◆ What is being asked: Below is a block of entries; repeat exactly the lines starting at the line that contains "Mercedes-Benz A 200" and ending at the line that contains "PHOTO-2024-01-15-20-23-21 (2) (نسخ)", both included.

◆ Records:
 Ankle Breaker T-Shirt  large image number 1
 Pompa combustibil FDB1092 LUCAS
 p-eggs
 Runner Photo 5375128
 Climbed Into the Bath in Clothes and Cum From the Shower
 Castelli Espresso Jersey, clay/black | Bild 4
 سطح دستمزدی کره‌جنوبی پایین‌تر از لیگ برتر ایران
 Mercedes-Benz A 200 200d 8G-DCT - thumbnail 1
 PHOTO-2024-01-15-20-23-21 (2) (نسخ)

==

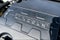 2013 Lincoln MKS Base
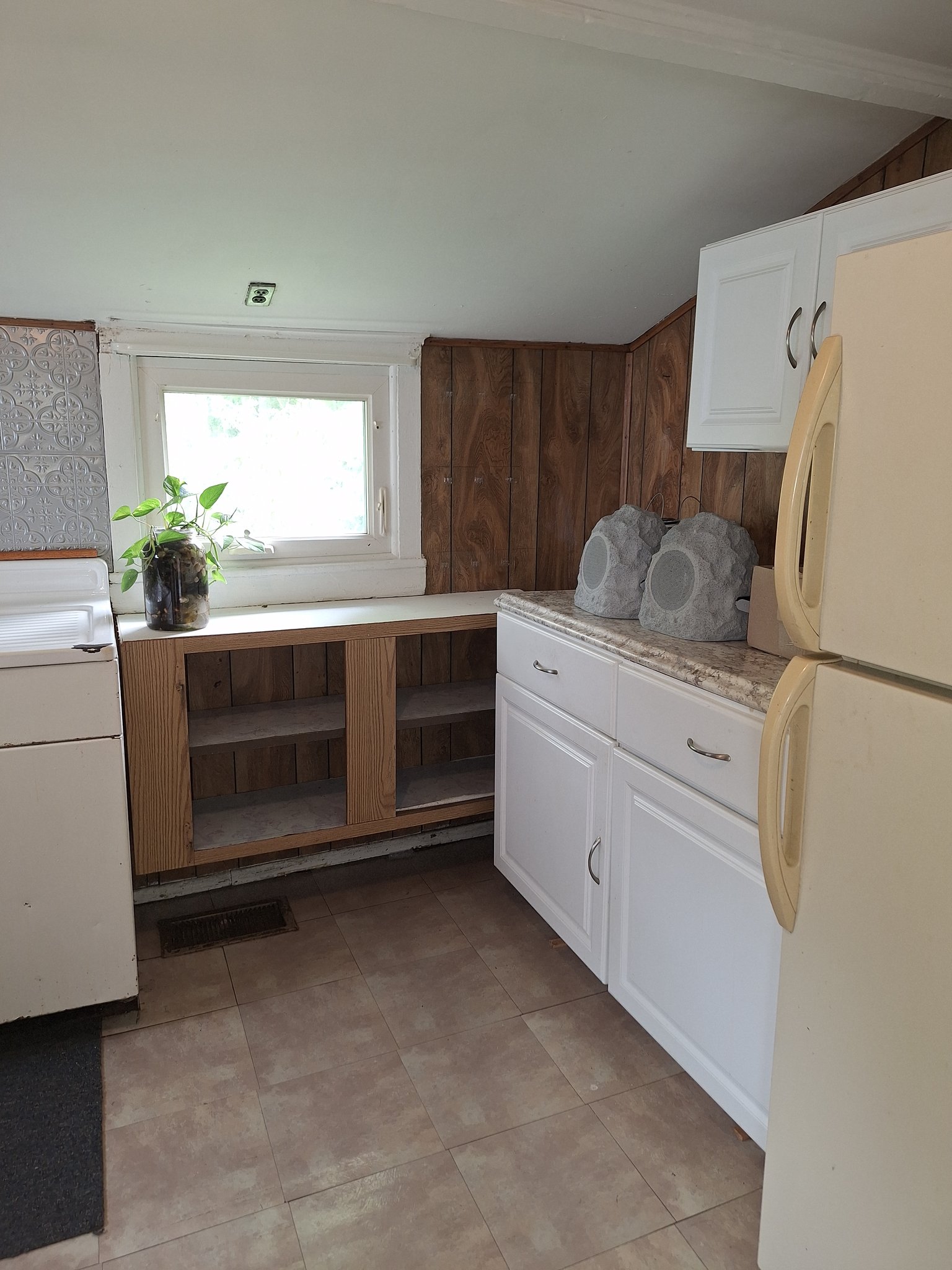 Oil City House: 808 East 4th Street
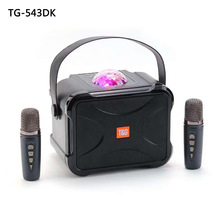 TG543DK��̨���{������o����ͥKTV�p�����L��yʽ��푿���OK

◆ Response to the exercise:
 Mercedes-Benz A 200 200d 8G-DCT - thumbnail 1
 PHOTO-2024-01-15-20-23-21 (2) (نسخ)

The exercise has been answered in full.